Iran will remain on the FATF Public Statement until the full Action Plan has been completed. Until Iran implements the measures required to address the deficiencies identified with respect to countering terrorism-financing in the Action Plan, the FATF will remain concerned with the terrorist financing risk emanating from Iran and the threat this poses to the international financial system. The FATF, therefore, calls on its members and urges all jurisdictions to continue to advise their financial institutions to apply enhanced due diligence with respect to business relationships and transactions with natural and legal persons from Iran, consistent with FATF Recommendation 19, including: (1) obtaining information on the reasons for intended transactions; and (2) conducting enhanced monitoring of business relationships, by increasing the number and timing of controls applied, and selecting patterns of transactions that need further examination.

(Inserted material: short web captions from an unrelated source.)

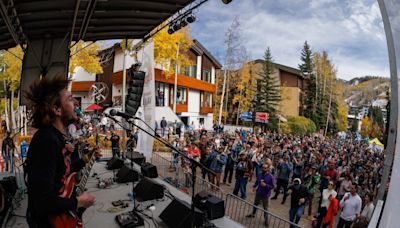 SpringFree Bluegrass Festival brings in big name acts to Vail on Memorial Day Weekend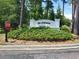 The Commons sign surrounded by lush landscaping at 330 S Middleton Dr. # 603, Calabash, NC 28467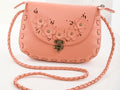 Women's High Quality Decent Look Small Designable Pink Style Handbag Shoulder Bag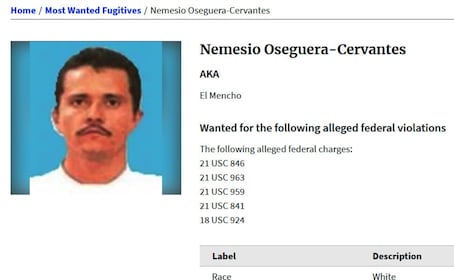 Jessica Oseguera, ‘La Negra’. ¿Quién es la hija de ‘El Mencho’? ¿Es la siguiente líder del CJNG?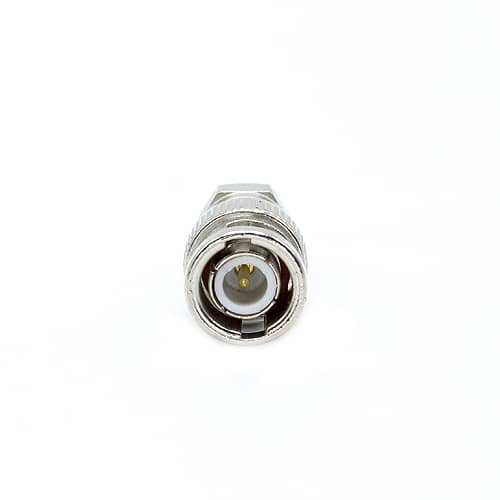 Adaptador antena F macho a bnc macho  Gris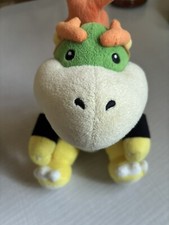 Super Mario Bowser Jr. S size stuffed toy 17cm AUTHENTIC 2009 Sanei japan anime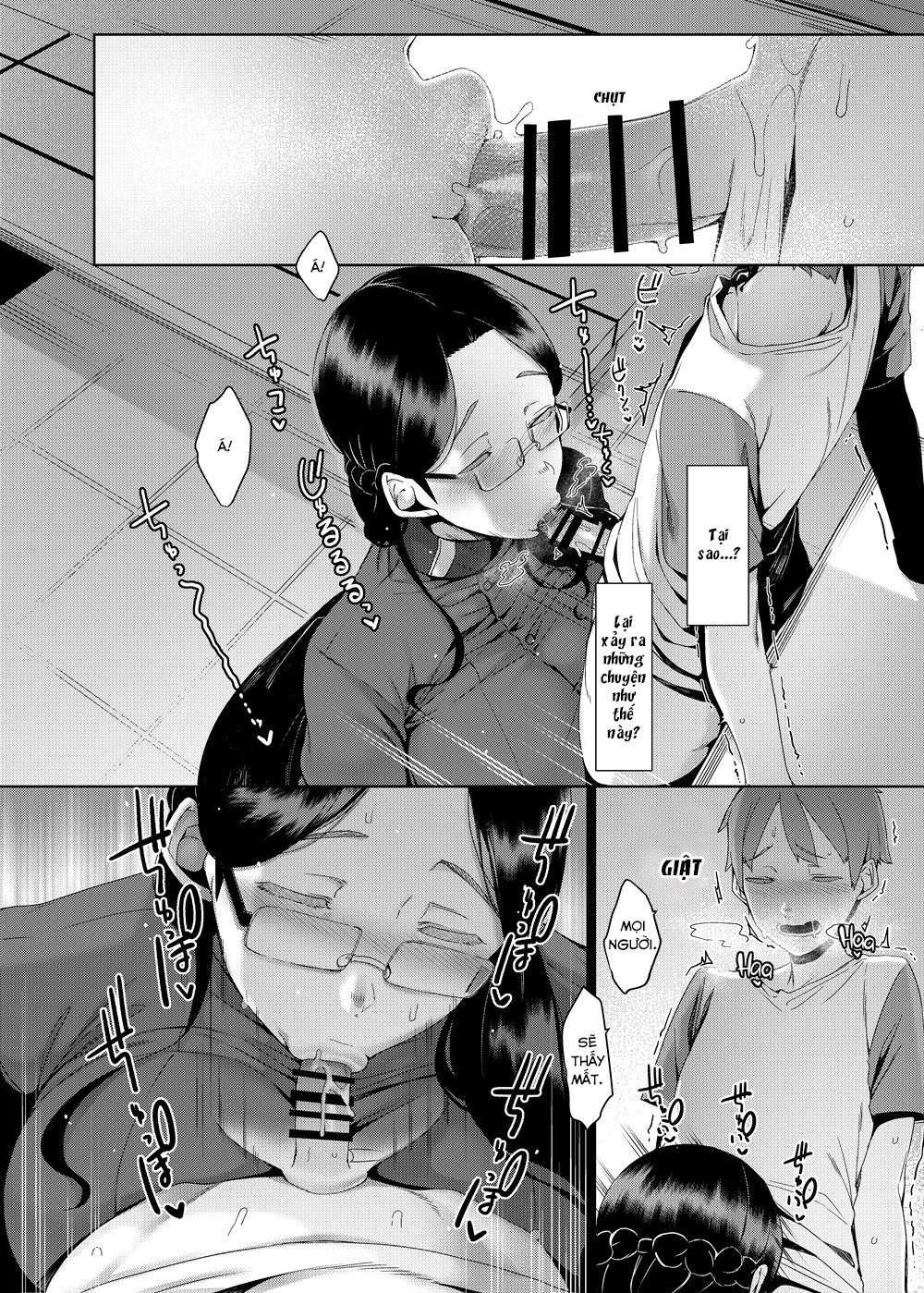Đọc truyện hentai Ocean of Darkness - Oneshot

U.S. State Department Press Release
Today, the Financial Action Task Force (FATF) responded to Iran’s willful failure to address its systemic money laundering and terrorist financing deficiencies by requiring increased supervision of Iran-based financial institutions. The Islamic Republic of Iran regularly seeks to use deception and subterfuge to fund its illicit activities, threatening the integrity and security of the international financial system.
The Islamic Revolutionary Guard Corps continues to engage in large-scale illicit financing schemes to fund its malign activities. This includes its support for U.S.-designated terrorist groups like Hizbollah and Hamas. The IRGC’s illicit financing schemes are facilitated at the highest levels of Iran’s government. The international community has made clear that Iran must live up to its commitments to behave like a normal nation.
The FATF also reaffirmed its concern with terrorist financing risk emanating from Iran and the threat it poses to the international financial system. Three years after Iran committed to an action plan with the FATF, the majority of its necessary work remains incomplete. As I have stated before, Iran must ratify the Palermo and Terrorist Financing Conventions in line with the FATF standards or face additional measures.